You see, I live in Oregon. Oregon has one big city, two medium cities, a few large towns, and lots of medium to small ones. Humans occupy less than 10% of the land, and we are a very peculiar lot. Portland is infested with hipsters and SJW's who scorn the hinterlands (which they believe start at the city limits), and the rest of Oregon thinks Portland is full of effeminate weirdos who give us a bad name. Unfortunately, Portland and its suburbs also make up something like half the population of the state (if not more), and the congressional districts are very carefully gerrymandered so that 3/5 all get a piece of it. The third is dominated by Eugene, a lesser clone of Berkley, CA, and the final is the staunchly Conservative (or at least Republican) eastern half of the state.

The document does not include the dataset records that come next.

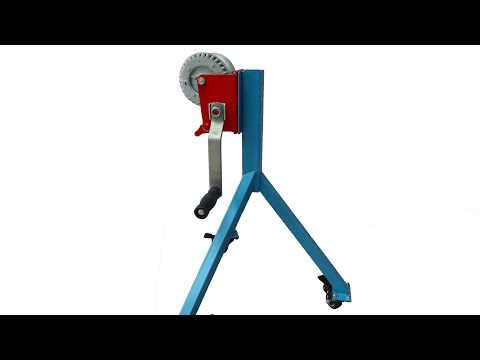 DIY Tool | Make An In-feed Out-feed Support Stand For Workshop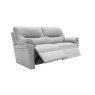 G Plan Upholstery G Plan Seattle Leather 2.5 Seater Sofa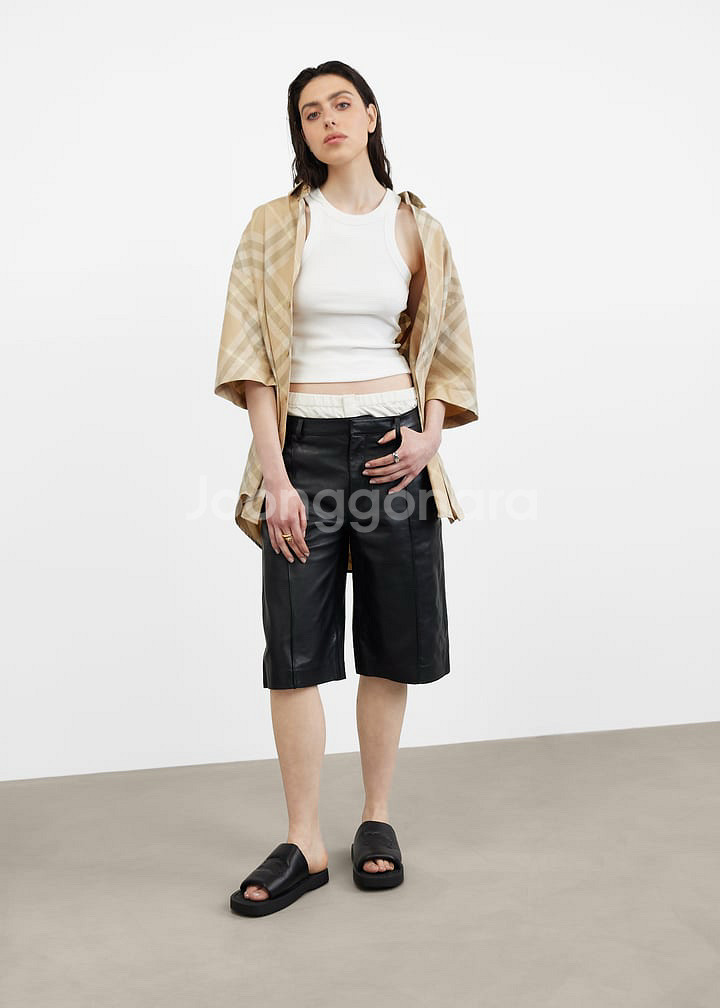 버버리 Burberry EKD Slab Leather--9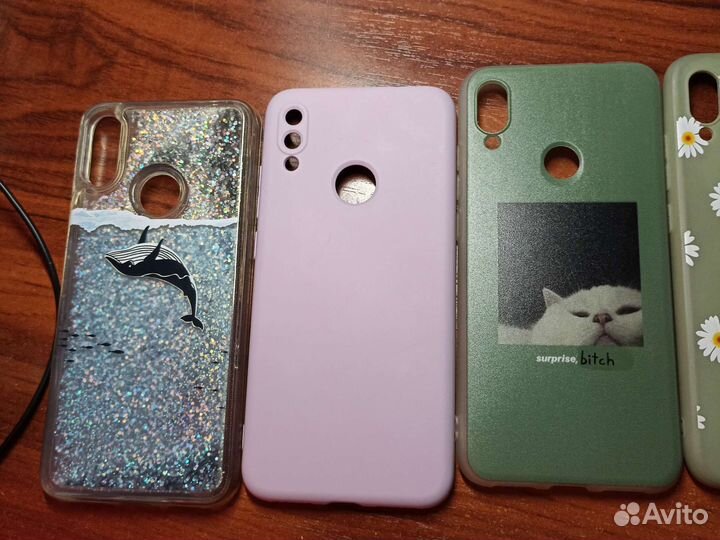 Чехлы на Xiaomi Redmi Note 7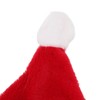 Christmas Helmet Cover Plush Scratch Proof Motorcycle Helmet Hat for
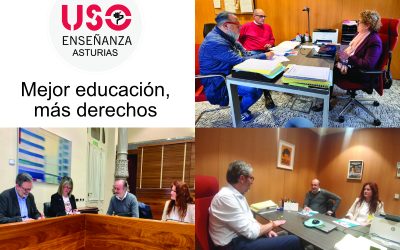 FEUSO Asturias traslada a PP, Vox y PSOE sus prioridades para los Presupuestos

The upshot is that Portland, which oh-so-trendily flirts with socialism and other idiotic political fads fashionable among the young and/or terminally naive, completely drowns out everything in my part of the state. Add the mail in ballots that extend the margin of fraud to an unguessable width, and you're squarely on the road to one-party rule (which, for all intents and purposes, we have).
Now, Oregon is kept out of basket case territory by two factors: one, we only permit our legislature to meet every other year and only for a few months and two, we're all armed to the teeth, even the socialists, and VERY protective of that right. So protective, in fact, that the two very disparate sides of Oregon manage to tolerate and even get along with each other in a way I never saw when I lived further south. If it's true that good fences make great neighbors, knowing that the other side is at least as well armed as you are means that courtesy is paramount. Besides, when even hippies can rhapsodize over the marvel of engineering that is the 1911A1, then there is always common ground!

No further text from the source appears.